Le bâtiment principal donne sur une place ou cour commune pour faciliter les chargements et déchargements des sacs de blés ou de farines. Il a plusieurs étages.
La roue est située sur le côté du bâtiment (abritée sous un auvent ou à l'extérieur). Au rez de chaussée, en bout de l'arbre de roue, se trouvent les engrenages ( rouet et lanterne ) qui transmettent le mouvement de rotation vers les étages.
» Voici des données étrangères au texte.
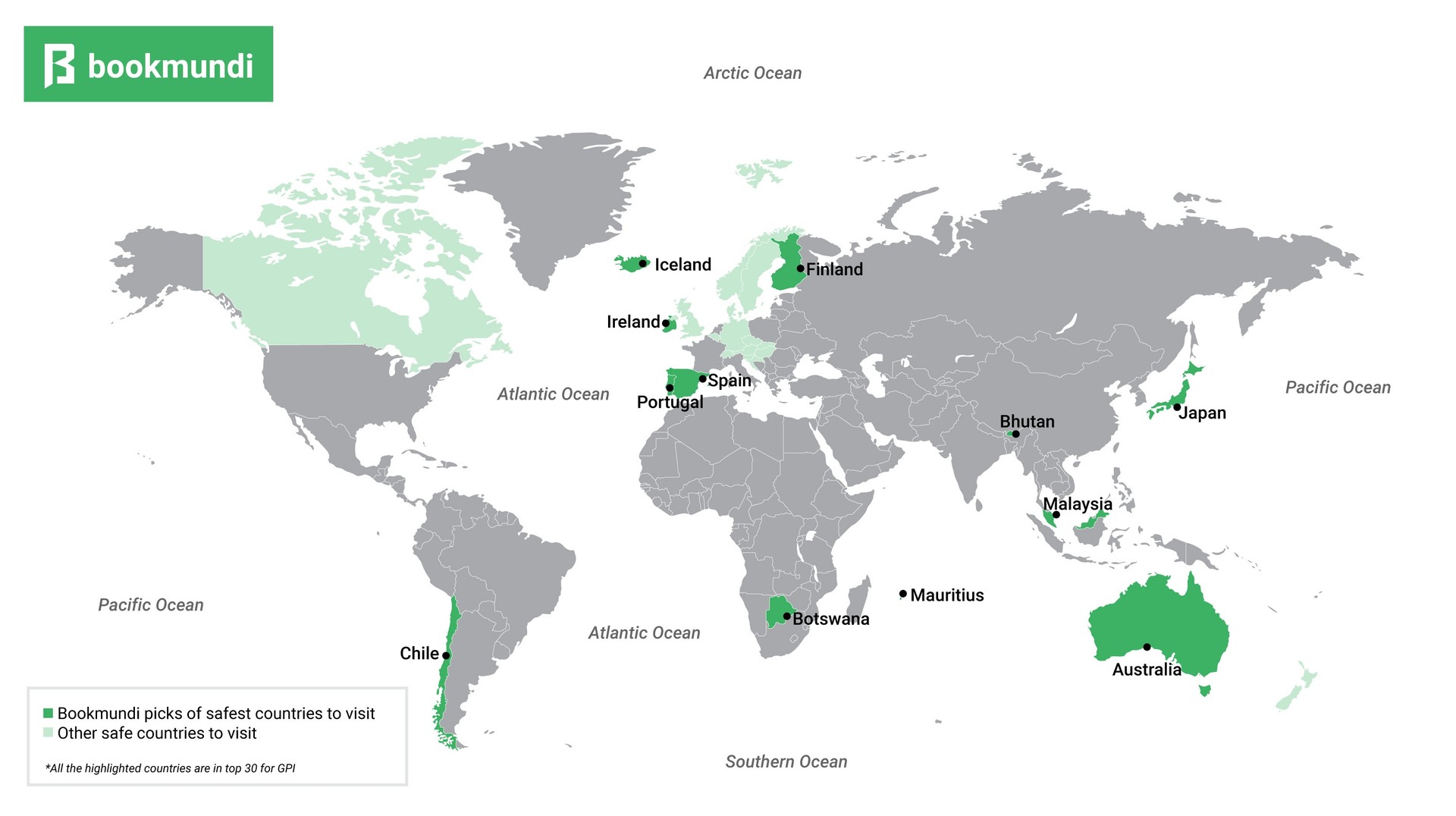 An overview map of the safest countries to visit in the world.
Au premier étage, au-dessus de ces engrenages, se trouvent la (ou les) paire(s) de meules horizontales.
Suivant l'importance du moulin, un ou deux étages supplémentaires où sont installés les autres mécanismes du moulin.
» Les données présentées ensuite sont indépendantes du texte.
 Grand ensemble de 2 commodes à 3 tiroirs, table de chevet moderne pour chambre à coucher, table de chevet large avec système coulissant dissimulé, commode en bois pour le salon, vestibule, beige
L'habitation est séparée du moulin (bâtiment, souvent plus bas, collé à l'autre) sans doute à cause des risques importants d'incendie.
Dans la cour on trouve, comme dans une ferme : une grange et (ou) une remise (pour ranger les charrettes et le matériel), une écurie (pour les chevaux), un toit à porcs (nourris avec les déchets du moulin), des poulaillers, clapiers à lapin, four à bois, cave...
Les terrains environnants servent de pré pour les bêtes, de jardin potager, de verger. Dans les actes étudiés on trouve aussi des terrains qui étaient peux être exploités pour des cultures (céréales?) afin de nourrir les animaux (dans un acte de vente du Moulin-du-Roy de 1833 on trouve un terrain de plus d'un hectare situé à Maincy : le pré du Roy ).
Les meuniers n'étaient pas forcement populaires, ils étaient souvent accusés de vol : le grain avait moins de volume une fois moulu et, de plus, une partie était prélevée pour le seigneur et/ou le meunier. Ils formaient une corporation à part et il n'est pas rare de les voir se marier entre meuniers (voir exemples è Saint-Méry). En plus du meunier et de sa femme on trouve d'autres métiers associés : le garde-moulin, valet de meunier des environs de Paris ; le chasse-mulet ou chasse-moute, chargé de transporter le grain ou la farine. Les déplacements devaient être importants. A Saint-Germain-Laxis il y a encore un chemin des meuniers , traversant la commune du nord au sud, alors qu'on ne trouve pas de traces de moulins. Les moulins les plus proches sont sans doute ceux de Rubelles.
Il existe dans la région, en dehors de la zone étudiée, 2 moulins, classés Monuments historiques , intéressants à visiter :
*1 : Observations minéralogiques faites aux environs de Melun, Corbeil et Arpajon, pour servir à compléter la carte des environs d'Étampes et de Fontainebleau (août 1766) par Antoine Laurent Lavoisier (1743-1794) Source CRHST/CNRS
*2 : Seigneurie Banale ; droit de ban : C'est le droit royal de commander, de contraindre ou de punir. A partir du Xe siècle les seigneurs, ainsi que certaines communautés religieuses, s´approprièrent ce droit. Le ban correspond à la zone où s´exerce ce droit, en général la seigneurie (la zone d´une lieue autour se nomme la banlieue ).
Le droit de ban est supprimé le 17 juillet 1793. Cet usage fut sûrement excessif pour que le mot banal prenne le sens qu´il a aujourd´hui.